Volume 836: debated on Thursday 22 February 2024

Commons Urgent Question

My Lords, with the leave of the House, I shall now repeat in the form of a Statement the Answer given by my honourable friend Felicity Buchan to an Urgent Question in another place. The Statement is as follows:

“May I thank the right honourable gentleman for raising the issue of the Inter Faith Network? I am grateful for all his work as chair of the All-party Group on Faith and Society and as a long-standing advocate for dialogue across faiths.

As my honourable friend the Minister for Local Government said during an Adjournment debate on this on 10 January, we know full well the role that faith communities play in our society. We are extremely supportive of efforts by faith groups and others to bring together people of different faiths and beliefs.

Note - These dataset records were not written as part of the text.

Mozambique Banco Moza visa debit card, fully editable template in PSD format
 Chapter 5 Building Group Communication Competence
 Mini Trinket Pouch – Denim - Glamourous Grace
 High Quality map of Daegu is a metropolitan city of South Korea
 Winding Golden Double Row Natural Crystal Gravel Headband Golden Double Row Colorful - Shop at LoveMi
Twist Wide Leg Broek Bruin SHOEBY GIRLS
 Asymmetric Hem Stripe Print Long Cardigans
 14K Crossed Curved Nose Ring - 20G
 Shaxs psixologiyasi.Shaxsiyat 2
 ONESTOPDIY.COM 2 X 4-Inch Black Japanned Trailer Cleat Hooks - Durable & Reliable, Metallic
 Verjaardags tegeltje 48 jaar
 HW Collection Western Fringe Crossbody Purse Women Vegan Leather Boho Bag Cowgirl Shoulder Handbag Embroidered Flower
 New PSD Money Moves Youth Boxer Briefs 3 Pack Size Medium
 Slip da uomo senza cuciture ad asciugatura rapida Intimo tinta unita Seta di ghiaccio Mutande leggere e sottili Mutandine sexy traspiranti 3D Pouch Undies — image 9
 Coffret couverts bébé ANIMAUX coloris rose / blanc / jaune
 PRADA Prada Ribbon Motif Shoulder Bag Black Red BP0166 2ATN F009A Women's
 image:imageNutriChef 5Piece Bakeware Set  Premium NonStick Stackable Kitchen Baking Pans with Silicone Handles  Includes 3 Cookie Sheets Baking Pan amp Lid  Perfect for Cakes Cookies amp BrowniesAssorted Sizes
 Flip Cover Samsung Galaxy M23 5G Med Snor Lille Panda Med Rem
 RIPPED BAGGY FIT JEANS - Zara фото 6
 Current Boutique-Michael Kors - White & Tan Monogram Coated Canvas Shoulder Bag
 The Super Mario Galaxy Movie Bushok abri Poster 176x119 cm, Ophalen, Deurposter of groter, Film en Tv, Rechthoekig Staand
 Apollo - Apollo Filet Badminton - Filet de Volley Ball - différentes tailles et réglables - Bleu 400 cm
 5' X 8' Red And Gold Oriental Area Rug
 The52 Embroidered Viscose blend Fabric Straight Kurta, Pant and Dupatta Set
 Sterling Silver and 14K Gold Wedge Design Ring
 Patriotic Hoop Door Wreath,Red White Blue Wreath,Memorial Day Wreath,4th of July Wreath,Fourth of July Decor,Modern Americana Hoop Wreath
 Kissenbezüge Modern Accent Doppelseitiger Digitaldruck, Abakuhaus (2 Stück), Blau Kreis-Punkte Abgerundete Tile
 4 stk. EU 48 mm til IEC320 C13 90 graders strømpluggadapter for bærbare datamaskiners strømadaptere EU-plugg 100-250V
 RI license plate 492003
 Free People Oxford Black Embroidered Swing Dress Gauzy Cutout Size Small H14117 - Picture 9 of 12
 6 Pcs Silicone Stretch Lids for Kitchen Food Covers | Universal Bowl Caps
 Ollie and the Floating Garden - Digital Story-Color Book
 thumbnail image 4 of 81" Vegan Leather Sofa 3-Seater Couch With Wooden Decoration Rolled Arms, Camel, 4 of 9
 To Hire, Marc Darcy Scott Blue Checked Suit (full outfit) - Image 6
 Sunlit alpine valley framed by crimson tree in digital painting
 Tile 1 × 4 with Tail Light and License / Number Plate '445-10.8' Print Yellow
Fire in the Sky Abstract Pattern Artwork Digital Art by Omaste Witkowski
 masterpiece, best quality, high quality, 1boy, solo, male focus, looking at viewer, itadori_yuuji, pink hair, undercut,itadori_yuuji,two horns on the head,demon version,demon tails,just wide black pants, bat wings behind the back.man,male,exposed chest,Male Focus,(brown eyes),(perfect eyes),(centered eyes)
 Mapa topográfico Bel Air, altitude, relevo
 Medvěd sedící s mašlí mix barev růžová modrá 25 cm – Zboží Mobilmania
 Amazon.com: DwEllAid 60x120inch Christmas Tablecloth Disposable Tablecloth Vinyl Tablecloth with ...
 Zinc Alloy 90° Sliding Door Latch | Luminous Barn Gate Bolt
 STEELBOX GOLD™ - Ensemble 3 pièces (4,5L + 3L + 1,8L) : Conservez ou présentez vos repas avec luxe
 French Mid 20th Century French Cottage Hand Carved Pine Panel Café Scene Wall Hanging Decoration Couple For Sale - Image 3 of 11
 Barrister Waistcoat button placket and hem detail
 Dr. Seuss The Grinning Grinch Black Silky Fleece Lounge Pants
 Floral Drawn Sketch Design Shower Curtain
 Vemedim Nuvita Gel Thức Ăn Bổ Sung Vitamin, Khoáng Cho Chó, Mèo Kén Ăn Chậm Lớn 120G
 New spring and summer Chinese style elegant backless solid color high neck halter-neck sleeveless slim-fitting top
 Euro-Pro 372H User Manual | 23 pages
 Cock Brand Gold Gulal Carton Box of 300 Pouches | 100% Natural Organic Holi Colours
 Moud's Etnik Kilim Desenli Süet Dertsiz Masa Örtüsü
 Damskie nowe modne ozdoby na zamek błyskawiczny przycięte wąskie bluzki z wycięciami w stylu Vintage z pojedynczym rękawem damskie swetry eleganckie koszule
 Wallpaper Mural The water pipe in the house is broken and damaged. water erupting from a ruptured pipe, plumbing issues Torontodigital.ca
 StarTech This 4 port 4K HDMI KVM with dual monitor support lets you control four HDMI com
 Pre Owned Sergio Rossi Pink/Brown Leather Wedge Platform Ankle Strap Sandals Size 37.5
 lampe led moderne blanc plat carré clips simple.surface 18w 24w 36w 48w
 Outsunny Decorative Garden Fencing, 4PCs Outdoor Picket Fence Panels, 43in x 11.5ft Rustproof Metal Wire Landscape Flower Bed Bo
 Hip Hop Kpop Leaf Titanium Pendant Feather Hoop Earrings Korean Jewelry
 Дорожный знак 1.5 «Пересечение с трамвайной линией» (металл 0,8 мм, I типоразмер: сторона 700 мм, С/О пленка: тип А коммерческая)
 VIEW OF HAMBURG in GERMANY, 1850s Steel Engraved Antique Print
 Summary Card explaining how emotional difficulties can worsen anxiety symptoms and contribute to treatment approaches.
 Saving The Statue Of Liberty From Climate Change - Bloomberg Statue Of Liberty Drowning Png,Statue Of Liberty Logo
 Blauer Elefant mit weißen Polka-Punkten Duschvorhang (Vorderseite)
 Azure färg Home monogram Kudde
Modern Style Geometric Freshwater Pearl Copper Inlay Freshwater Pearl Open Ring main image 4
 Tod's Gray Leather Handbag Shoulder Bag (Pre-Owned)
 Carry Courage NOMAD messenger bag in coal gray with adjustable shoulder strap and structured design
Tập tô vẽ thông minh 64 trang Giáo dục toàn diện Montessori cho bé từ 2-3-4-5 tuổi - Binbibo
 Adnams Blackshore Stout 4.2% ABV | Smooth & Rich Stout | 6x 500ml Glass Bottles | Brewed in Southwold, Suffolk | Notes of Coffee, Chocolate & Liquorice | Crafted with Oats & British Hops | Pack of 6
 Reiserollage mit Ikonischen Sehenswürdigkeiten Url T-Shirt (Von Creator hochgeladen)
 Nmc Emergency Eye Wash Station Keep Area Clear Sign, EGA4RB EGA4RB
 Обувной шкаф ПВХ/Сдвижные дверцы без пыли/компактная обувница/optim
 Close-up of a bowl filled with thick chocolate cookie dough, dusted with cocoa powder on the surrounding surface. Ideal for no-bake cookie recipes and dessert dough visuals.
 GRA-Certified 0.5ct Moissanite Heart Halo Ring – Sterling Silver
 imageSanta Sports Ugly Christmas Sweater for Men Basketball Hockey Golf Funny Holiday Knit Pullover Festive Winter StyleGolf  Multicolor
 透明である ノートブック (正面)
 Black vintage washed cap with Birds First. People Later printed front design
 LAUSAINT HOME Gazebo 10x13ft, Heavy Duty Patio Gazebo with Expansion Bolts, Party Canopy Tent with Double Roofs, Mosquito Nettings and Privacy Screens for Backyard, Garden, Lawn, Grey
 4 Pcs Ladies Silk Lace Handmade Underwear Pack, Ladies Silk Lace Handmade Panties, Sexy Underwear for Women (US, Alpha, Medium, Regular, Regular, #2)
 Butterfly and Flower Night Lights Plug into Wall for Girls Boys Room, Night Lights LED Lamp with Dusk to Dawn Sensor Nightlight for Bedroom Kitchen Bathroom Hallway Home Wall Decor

The Secretary of State wrote to the co-chairs of the Inter Faith Network on 19 January this year to inform them that he was minded to withdraw the offer of funding for the 2023-24 financial year. This was because of the appointment of a member of the Muslim Council of Britain to the board of trustees of the IFN. As the House will be aware, successive Governments have had a long-standing policy of non-engagement with the MCB. The appointment of an MCB member to the core governance structure of a government-funded organisation therefore poses a reputational risk to the Government.

The Secretary of State invited the IFN to make representations on this matter, which it subsequently did. The Secretary of State carefully considered the points raised by the IFN before concluding that its points were outweighed by the need to maintain the Government’s policy of non-engagement with the MCB, and the risk of compromising the credibility and effectiveness of that policy. Inter-faith work is valuable, but that does not require us to use taxpayers’ money in a way that legitimises the influence of organisations such as the MCB.

The department regularly reminds our partners, including the IFN, of the importance of developing sustainable funding arrangements rather than relying on taxpayers’ money, which can never be guaranteed. The potential closure of the organisation is therefore a matter for the IFN, as an independent charity, and not the Government. The Government are and continue to be fully supportive of developing and maintaining strong relationships across faiths and beliefs”.

My Lords, I thank the Minister for repeating that Answer. Our country is strengthened by the richness and diversity of the faith traditions here, but the Government have a responsibility to help to facilitate positive relationships between different faith communities—all the more so in these difficult times.

We have now had some explanation of what has gone on here, but there are outstanding questions. First, funding for the current financial year was offered to the IFN last July, so can the Minister explain when the decision was taken to withdraw it and, crucially, whether the charity was told before the work being funded during this year had been undertaken? Secondly, have the Government made plans to make up for this loss of capacity by supporting other work facilitating relationships between faith communities?

I can assure the noble Baroness that we have kept the IFN informed of every move that we have made on its funding issues, and it has had the chance to discuss them with us. As for other funding, I absolutely agree with her that work facilitated and supported by government is really important for inter-faith work. I personally go and see a lot of inter-faith work going on, and we are still supporting more than 800,000 a year in organisations—people such as Near Neighbours and others that are doing this important work in our communities.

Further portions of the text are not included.